Data are drawn from $r=\mathcal{N}(\mu_r, \sigma_r^2)$. Two models: $p=\mathcal{N}(\mu_p, \sigma_p^2)$ and $q=\mathcal{N}(\mu_q, \sigma_q^2)$.

In [None]:
# Data generating distribution
seed = 21

mu_r = 0
var_r = 1
r = density.IsotropicNormal(np.array([mu_r]), var_r)
ds_r = r.get_datasource()
# sample data
n = 500
dat = ds_r.sample(n, seed=seed+1)
X = dat.data()

In [None]:
def visual_test_1dGauss(X, mu_p, var_p, mu_q, var_q, J=5):
    """
    Assume that both models p,q are 1D normal distributions.
    Plot p, q, and the data and test with the FSSD-based model 
    comparison test.
    
    :param X: data matrix
    :param mu_p: mean of the model p
    :param var_p: variance of the model p
    :param mu_q: mean of the model q
    :param var_q: variance of the model q
    
    :returns the test object
    """
    p = density.IsotropicNormal(np.array([mu_p]), var_p)
    q = density.IsotropicNormal(np.array([mu_q]), var_q)
    
    # kernel
    med = util.meddistance(X, subsample=1000)
    k = kernel.KGauss(sigma2=med**2/2.0)
    l = k

    # numbers of test locations
    Jp = J
    Jq = Jp
    # test locations
#     locs = util.fit_gaussian_draw(X, Jp+Jq, seed=seed+1)
#     V = locs[:Jp, :]
#     W = locs[Jp:, :]k
    locs = util.fit_gaussian_draw(X, Jp, seed=seed+1)
    V = locs
    W = V
    assert W.shape[0] == Jq
    
    # Plot p, q, data
    min_mean = min(mu_r, mu_p, mu_q)
    max_mean = max(mu_r, mu_p, mu_q)
    max_sd = max(var_r, var_p, var_q)**0.5

    dom = np.linspace(min_mean-2*max_sd, max_mean+2*max_sd, 200)
    den_p = np.exp(p.log_normalized_den(dom[:, np.newaxis]))
    den_q = np.exp(q.log_normalized_den(dom[:, np.newaxis]))
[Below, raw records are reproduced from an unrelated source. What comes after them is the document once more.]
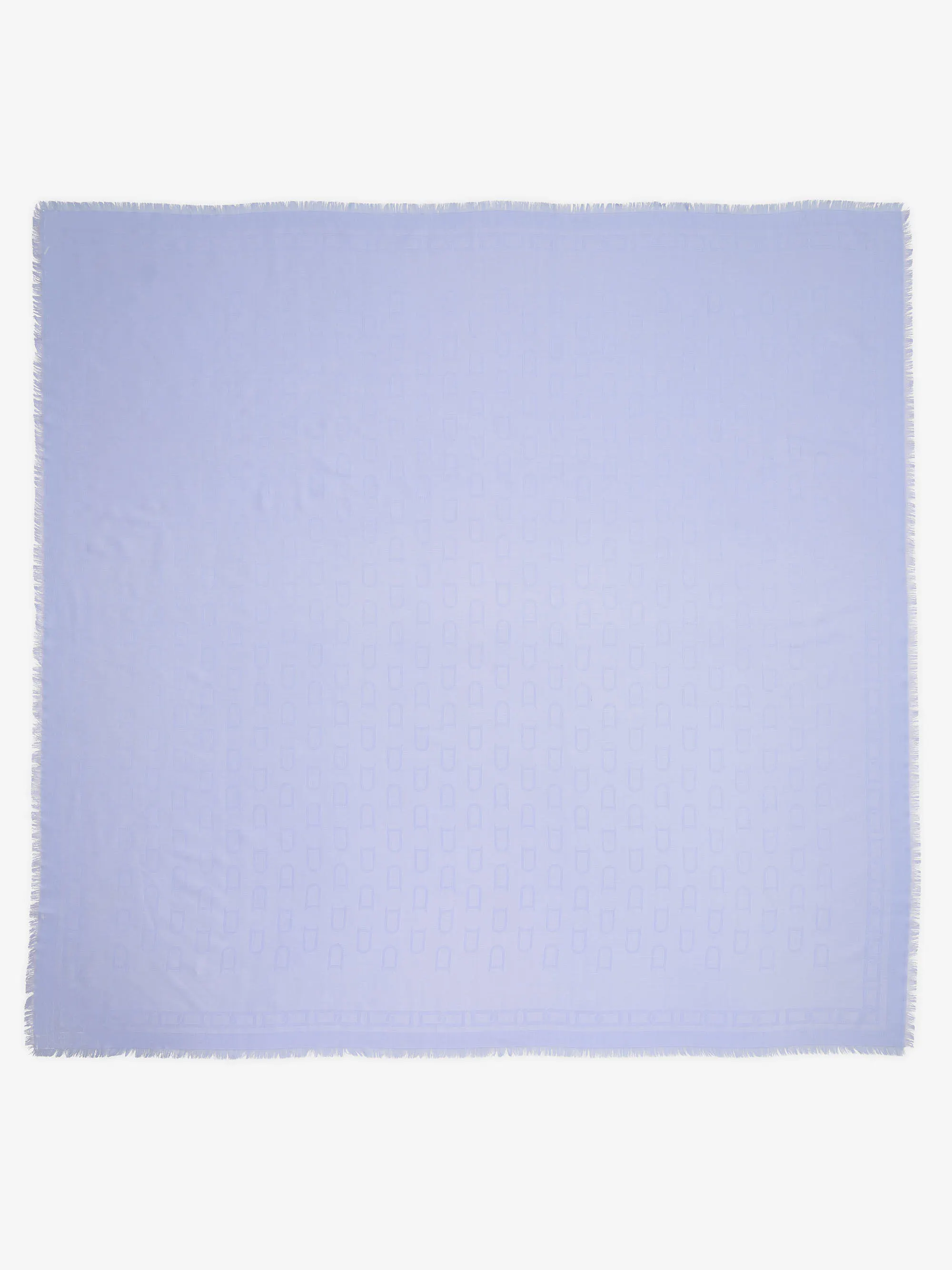 Shawl-140-Illusion-Cashmere-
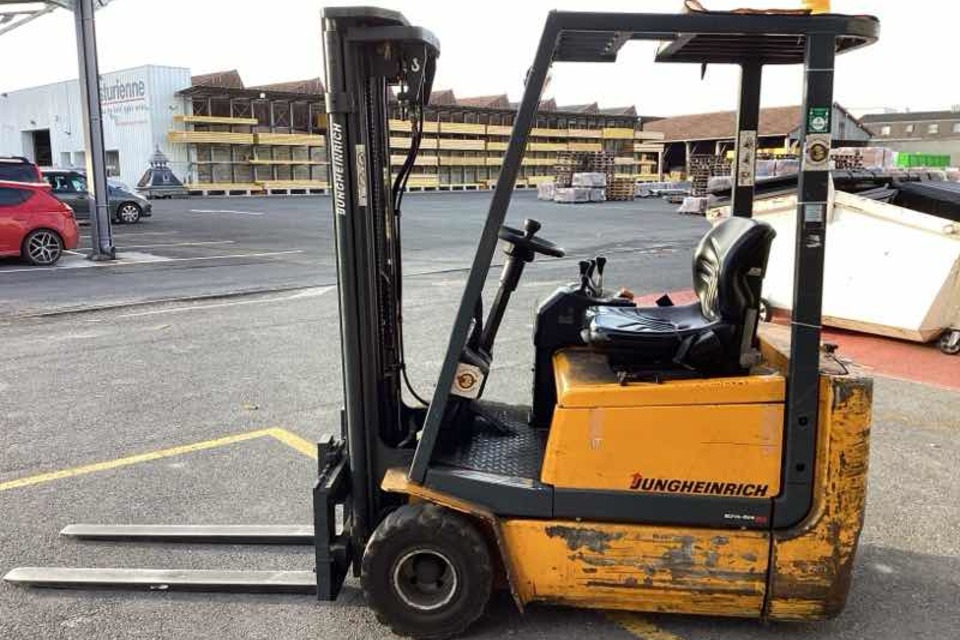 9030044 smarte 2 leftside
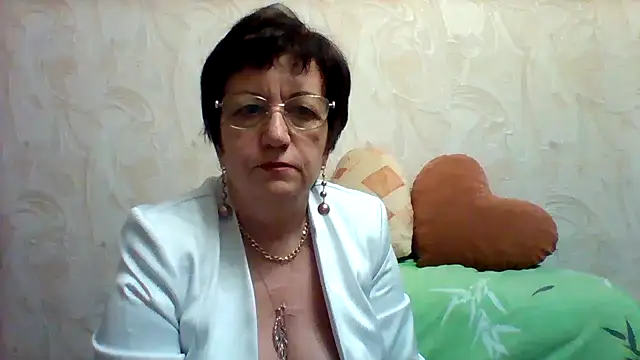 Snapshot of Lota5821 chatting on March 2025 04:20:02 PM Lota5821 online show from March 2025 04:20:02 PM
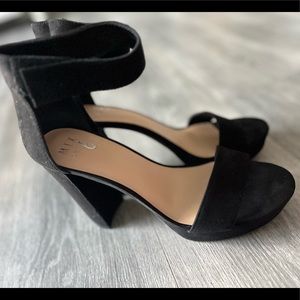 Size 9 Women’s Heels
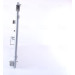 Kondensator PKW | KIA Sorento 2,4 02 | 94636 Kondensator PKW | KIA Sorento 2,4 02 | 94636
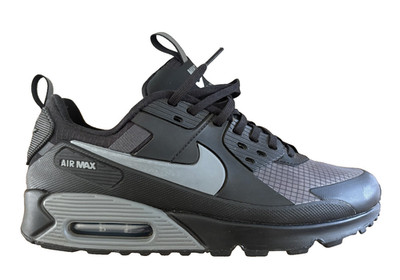 Nike AIR MAX 90 DRIFT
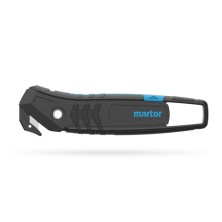 Venta de CUTTER MARTOR SECUMAX 350005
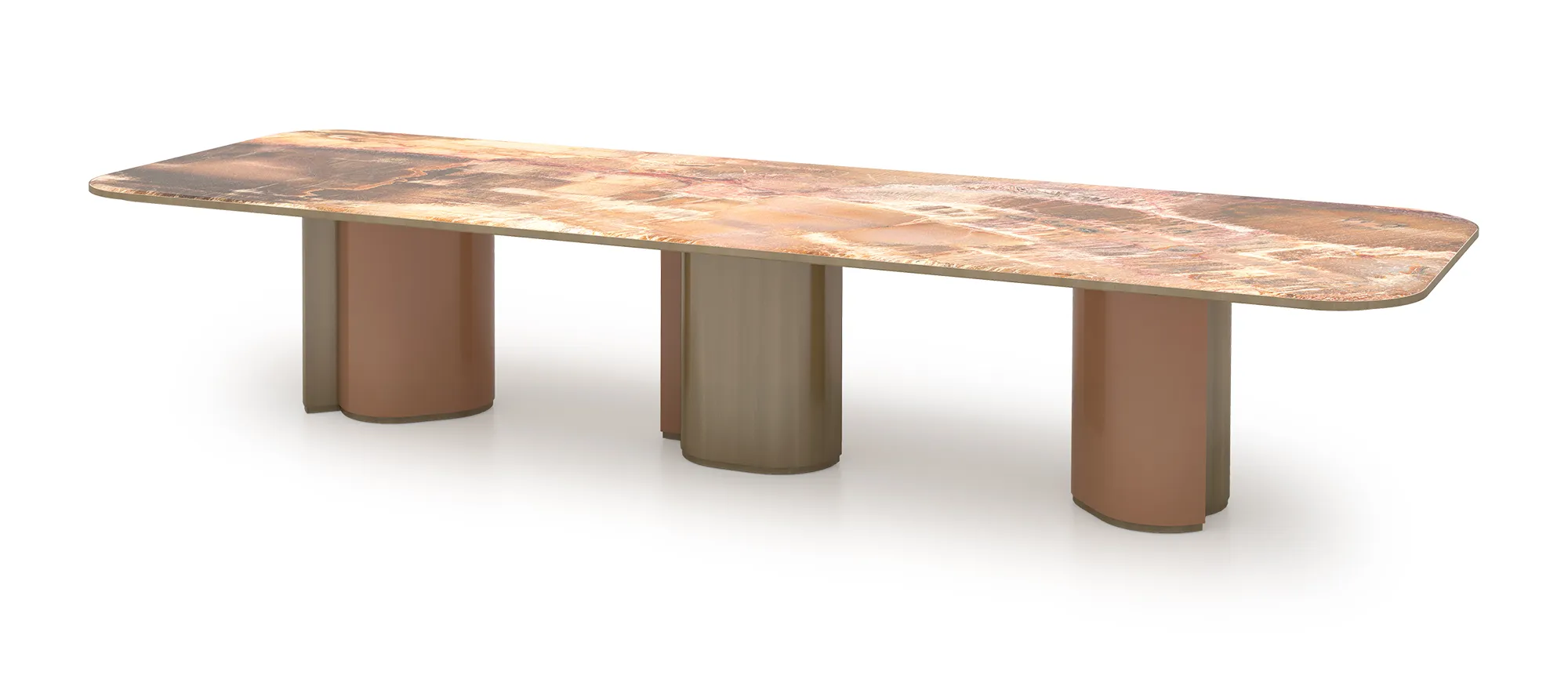 gallery-intro-Philippe Table 400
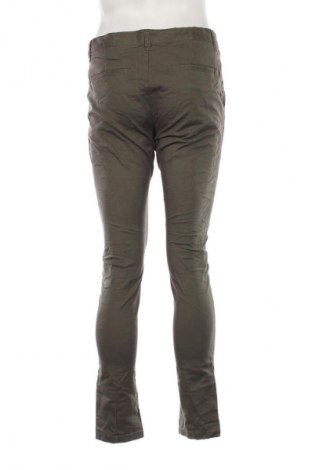 Pánske nohavice  Unbranded, Veľkosť L, Farba Zelená, Cena  9,95 €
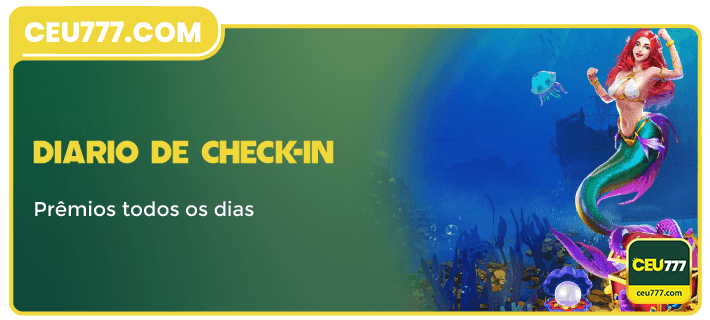 Batalhas Formidáveis ceu777.com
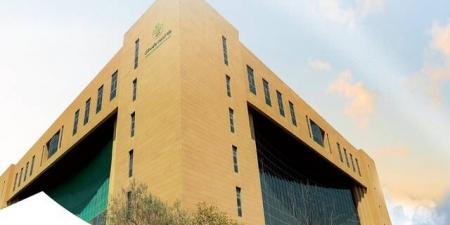البلديات والإسكان: إصدار أكثر من 38 ألف شهادة إشغال بالنصف الأول 2026 - النيل نيوز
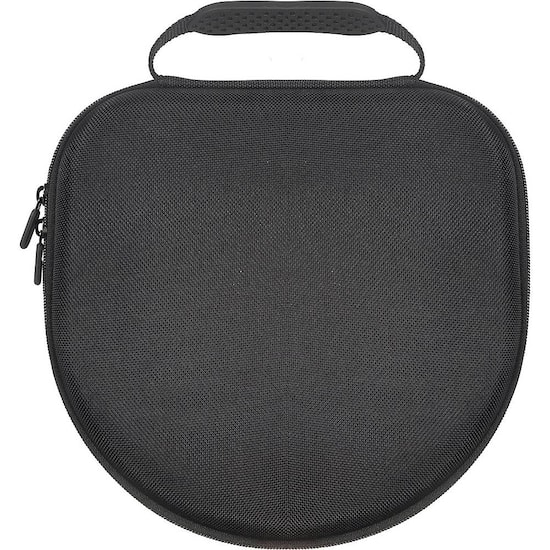 Airpod charging discount case best buy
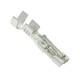 Molex 0433750001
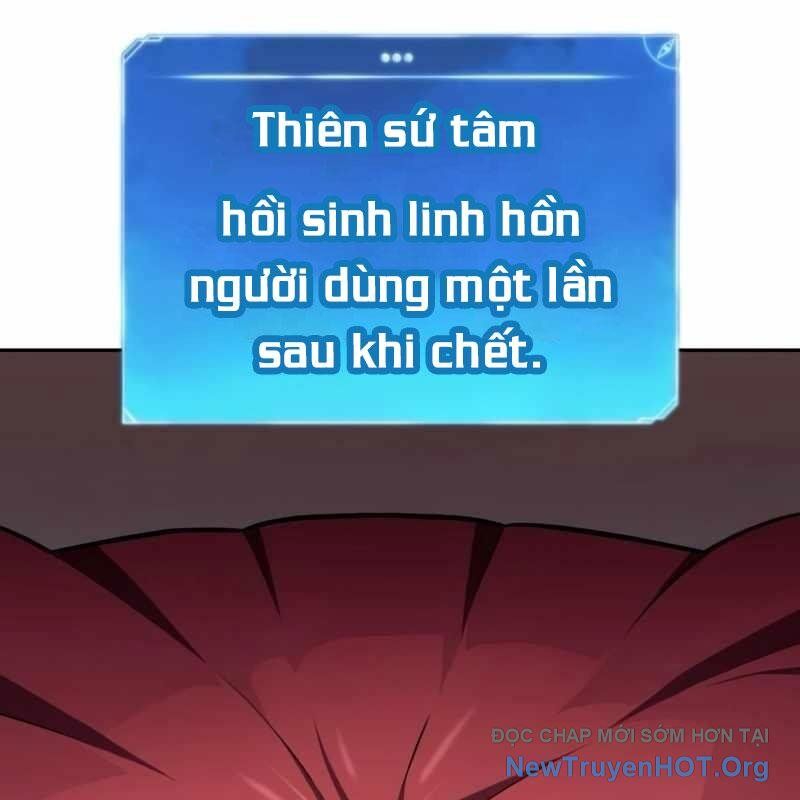 Chiến Binh Máu Lạnh - Chapter 12 - Page 66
    plt.figure(figsize=(10, 5))
    plt.hist(X, bins=20, normed=True, label='Data', color='k')
    plt.plot(dom, den_p, 'r-', label='p')
    plt.plot(dom, den_q, 'b-', label='q')
    plt.title('H1: q fits better than p')
    plt.legend(loc='best')

    # test
    alpha = 0.01
    mcfssd = mct.DC_FSSD(p, q, k, l, V, W, alpha=alpha)
    test_result = mcfssd.perform_test(dat)
    display(test_result)
    return mcfssd

In [None]:
# two competing models. H0: FSSD^2(p) <= FSSD^2(q) i.e., p is better than q.
mu_p, var_p = 1.5, 2
mu_q, var_q = 0.5, 1
mcfssd = visual_test_1dGauss(X, mu_p, var_p, mu_q, var_q, J=5)

In [None]:
mcfssd.get_H1_mean_variance(dat)

In [None]:
import ipywidgets
from ipywidgets import interact, interactive, fixed
from IPython.display import display
import ipywidgets as widgets

mup_slide = ipywidgets.FloatSlider(value=1, min=-3, max=3, step=0.5)
muq_slide = ipywidgets.FloatSlider(value=0.5, min=-3, max=3.0, step=0.5)
vs = interact(visual_test_1dGauss, X=fixed(X), mu_p=mup_slide, var_p=(1e-4, 5, 0.5),
                mu_q=muq_slide, var_q=(1e-4, 5, 0.5))
display(vs)

----------------

## Stein witness functions

In [None]:
p = density.IsotropicNormal(mean=np.array([mu_p]), variance=var_p)
q = density.IsotropicNormal(mean=np.array([mu_q]), variance=var_q)
rdat = ds_r.sample(n=500, seed=8)

med = util.meddistance(rdat.data(), subsample=1000)
k = kernel.KGauss(sigma2=med**2/2.0)

In [None]:
wit_pr = gof.SteinWitness(p, k, rdat)
wit_qr = gof.SteinWitness(q, k, rdat)
dom = np.linspace(-5, 5, 100)
wit_pr_evals = wit_pr(dom[:, np.newaxis])
wit_qr_evals = wit_qr(dom[:, np.newaxis])
diff_wit2 = wit_pr_evals**2 - wit_qr_evals**2

In [None]:
visual_test_1dGauss(rdat.data(), mu_p, var_p, mu_q, var_q)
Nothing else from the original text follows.